Jules dabbed at her eyes as surreptitiously as she could.
‘It seems I can’t say no,’ she said.
‘You can always get a taxi home if we prove to be a bit too much,’ Lance offered. ‘There’s just one thing, though, if you’re going to come with us.’
‘What’s that?’ she asked.
‘You might want to get dressed!’
TWELVE
Jules had gone upstairs in an absolute panic. What a nightmare. How on earth had she allowed herself to agree to that? And how was she going to get out of it? Poor Lance. He had gone pretty quiet, too, probably worried about being lumbered with a nervous wreck of a woman for a whole day. She longed to lie down, preferably with the curtains drawn and the duvet pulled right up over her face.

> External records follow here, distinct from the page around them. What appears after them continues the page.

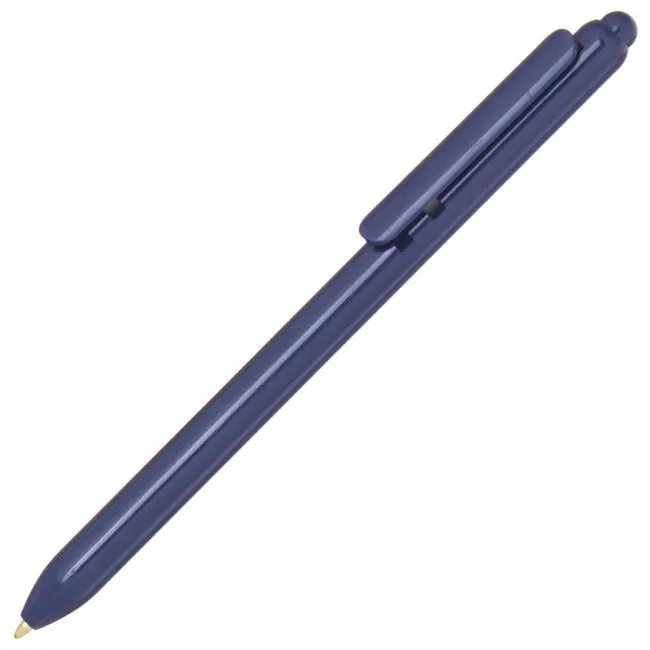 Ручка пластикова 'VIVA PENS' 'LIO SOLID' Темно-синий 8636-12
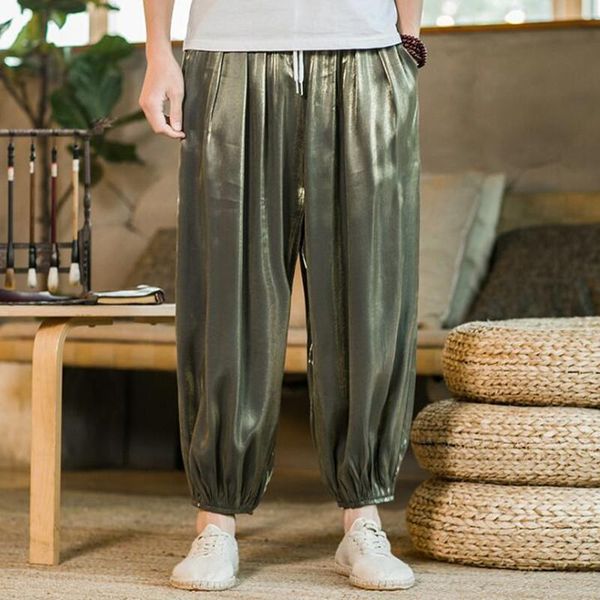 reflective sweatpants men fashion hip hop baggy pants high street joggers male elastic waist harem men's, Black
reflective sweatpants men fashion hip hop baggy pants high street joggers male elastic waist harem men's, Black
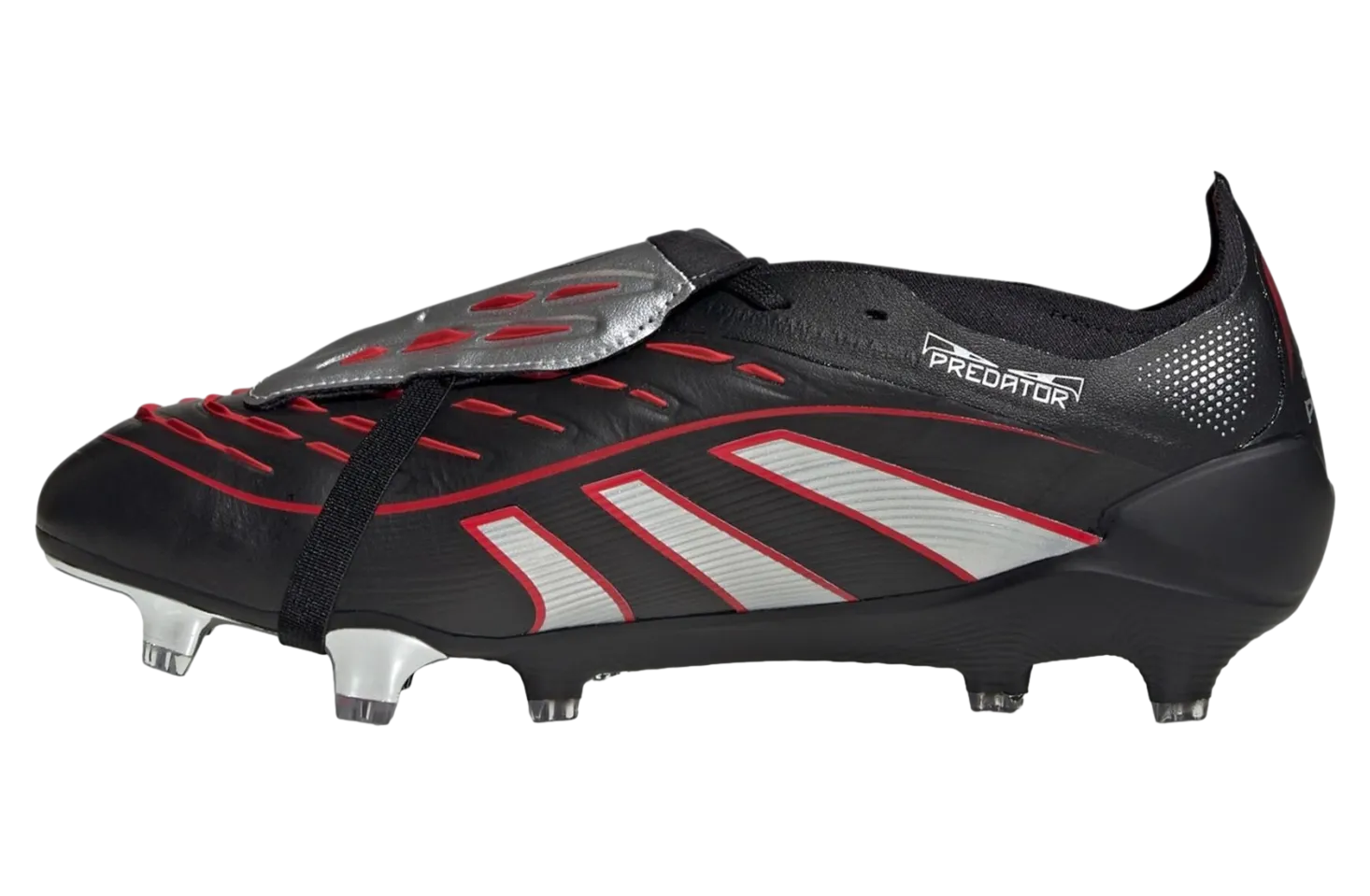 adidas predator core black silver metallic 0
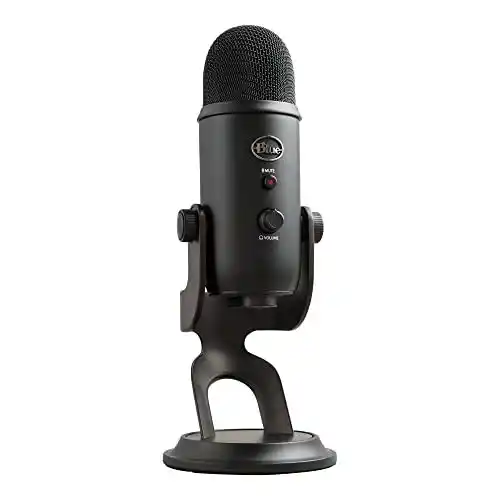 Micrófono Blue Yeti USB Logitech PC/Mac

From the bedroom window she watched the three of them wandering around the garden, Lance pointing out different flowers and shrubs, Erin doing a cartwheel across the lawn and Tasha saying something which made them all laugh. She pulled on jeans and a T-shirt with La Dolce Vita emblazoned across the front, washed her face, brushed her hair and applied a touch of lip gloss.
‘You’d never know,’ she whispered, looking at herself in the mirror, ‘that on the inside you are a complete and utter quivering wreck.’
‘Do you think it’s going to rain?’ Jules asked, standing on the back doorstep and looking up at the sky, hoping for a blackcloud. Rain might force them to postpone this outing until another day and then she could be otherwise engaged.
‘Twenty percent chance at twelve o’clock apparently,’ Tasha called.